Designing an AI Booking Agent for service businesses

Helping home service pros fix misconfigured online booking — through a conversational agent that surfaces high-impact improvements they can accept or skip.

At Housecall Pro, a long tail of online booking users had enabled the feature but never configured it well. Many didn’t know what a good setup looked like — incomplete services, wrong availability, vague copy — and a bad configuration can quietly kill conversion entirely. Plenty of pros were getting zero bookings without understanding why.

We discovered this gap and set out to improve it: help more users reach a working online booking setup, increase conversion across the board, and fix the configuration problems that were leaving money on the table.

This project tackles that directly — an interactive, agentic experience where pros review configuration improvements one at a time, accept or decline each suggestion, and move on to the next highest-impact change.

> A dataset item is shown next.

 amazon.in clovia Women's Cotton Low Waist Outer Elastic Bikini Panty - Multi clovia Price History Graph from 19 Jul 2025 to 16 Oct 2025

The UI stays simple and conversational rather than dumping them into another settings maze.

HCP AI booking agent showing a high-impact scheduling type recommendation with accept and decline actions

Interactive prototype

A dynamic prototype with multiple scenarios — see how the recommendation system responds to different booking configurations.

Open prototype

Grounding suggestions in real data

To properly help users fix their setup, we first had to define what “good” online booking actually looks like. We analyzed product data and studied top-performing HVAC pros — what they configured, how their services were structured, and what separated high-converting booking pages from ones that stalled.

From that research, we built a set of guidelines: clear rules about what strong configuration looks like across services, availability, copy, and flow. Those guidelines were then fed into the AI so suggestions weren’t generic — they reflected patterns that were already working for the best performers in the category.

The prototype is dynamic and built to stress-test that system. It includes a range of different scenarios — incomplete setups, misconfigured availability, weak service descriptions — and shows how the recommendation engine responds based on each starting configuration. Switch between them and you can see how the same underlying logic surfaces different improvements depending on what the pro actually has live today.

The agentic flow

The experience moves through clear states, like working with someone who knows the product:

  1. Look through your settings — the agent reviews the pro’s current online booking configuration
  2. Analyze — identify what’s misconfigured, incomplete, or likely hurting conversion
  3. Suggest — surface specific improvements, categorized by the impact they could have on the business
  4. Decide — the pro accepts or declines each change before anything is applied
  5. Continue — move to the next recommendation and keep improving the setup over time

Each step is one conversation, not a wall of options. The goal is steady progress toward a booking page that actually converts.

Setup diagnosis

The agent started by reading what was already live — service lists left half-finished, availability that didn’t match real working hours, descriptions too vague to convert, flows that didn’t reflect how the business actually operates.

For many users, the problem wasn’t that online booking was broken. It was that their configuration was — and they had no way to see it. The diagnosis step made those gaps visible in plain language before any change was proposed.

Recommendations ranked by impact

Suggestions weren’t presented as a flat checklist. Each improvement was categorized by the impact it could have on the business — what would move conversion most, what was quick to fix, what could wait.

That ranking helped pros focus on changes worth making first: rewrite a service description, tighten availability windows, fix routing rules that sent customers nowhere. One meaningful improvement at a time, ordered by what mattered most.

Human-in-the-loop by default

Nothing applied automatically. Every recommendation came with a clear summary of what would change on the live booking page, and the pro chose to accept or decline it.

That kept trust intact — especially for users who already felt unsure about their setup. The agent proposed; the pro decided. Skip what doesn’t fit, apply what does, and keep going.

A conversational UI

The interface stayed lightweight: short messages, obvious next steps, no dense admin panels. States like analyzing settings or waiting for approval were visible so the pro always knew where they were in the flow.

After one improvement was handled, the experience naturally continued to the next thing that could make the business better — building momentum without overwhelming someone who just wanted their booking page to start working.

Connecting to Online Booking settings

The agent didn’t replace existing settings. It sat on top of them — reading the same configuration pros would edit manually, proposing changes against real levers, and applying only what was approved.

When a pro accepted a suggestion, the update landed in the familiar Online Booking surfaces they already knew. The agent was the guide through a confusing setup problem; the product remained the source of truth.

Looking ahead, this booking agent is designed as one specialist in a broader Housecall Pro AI system. From a single conversational interface, the main AI could spin up focused agents like this one based on what the user is trying to accomplish — fix my booking setup, improve scheduling, adjust pricing, and so on. Each agent handles its domain, but they can work together when a request spans multiple areas, coordinating toward the outcome the pro actually wants rather than forcing them through separate tools.